The parsha opens with the following instruction:
“If you go out to war over your enemies, and the Lord, your God, will deliver him into your hands, and you take his captives; and you see among the captives a beautiful woman and you desire her, you may take [her] for yourself as a wife.” (Devorim 21:10-11)
Concerning the beautiful woman, Rashi comments:
“… Scripture [in permitting this marriage] is speaking only against the evil inclination [ which drives him to desire her]. For if the Holy One, blessed is He, would not permit her to him, he would take her illicitly… “
From Rashi’s commentary, we come to understand, that “the going out to war” that the parsha is speaking about is the going out to the only real war that truly exists, namely- the war against one’s own egotism and selfish desires. This parsha comes out quite deliberately in the month of Elul- when the order of the day is to take stock of our year’s spiritual advancements and failings. It comes to fortify us with the proper wisdom and strength necessary to be able to overcome our evil inclination. Rabbi Ashlag ztz”l formulated an easy understanding of what the yetzer hara is. ‘Yetzer’ translates as ‘inclination’, and ‘Hara’ translates as ‘the bad one’. Rav Ashlag breaks it down for us even more by teaching that the word ‘ra’, meaning bad, is an acronym of 2 words: Ratzon Atzmi- the will to serve oneself, i.e.: egotism.

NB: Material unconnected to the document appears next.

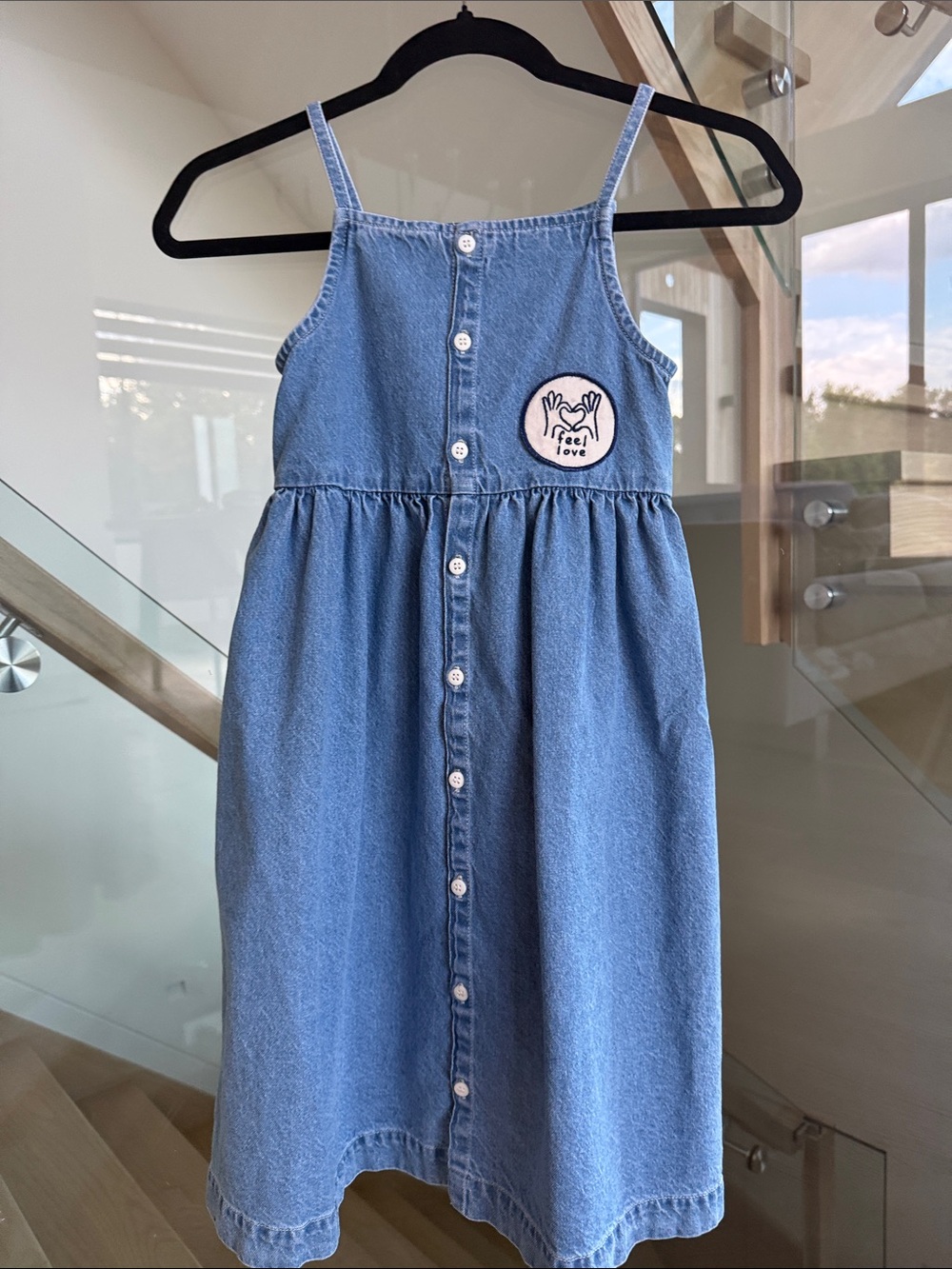 Wynken Girls' Light Blue Denim Dress with Patch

The parsha’s opening words: “If you go out to war against your enemies” is also hinting to us regarding the spiritual nature of reality. Scripture does not say here: “when fighting a war against your enemies”. This would imply a physical war in a physical plain. But the Torah here, with its deliberate choice of words of Ki Tetzeh (when you shall go out) seems to put an emphasis on the ‘going out’ part- implying that there is a war to fight as soon as we ‘go out’. That is, as soon as the neshama leaves its supernal source above to come into this world- it is forced into a battle. The lower-level self that is attached to the body wants comfort and ease, while the person’s neshama, a part of G-d above, is on a shlichus to do what is right in the eyes of HaShem, despite the cost to one’s itches and desires that want to be satisfied.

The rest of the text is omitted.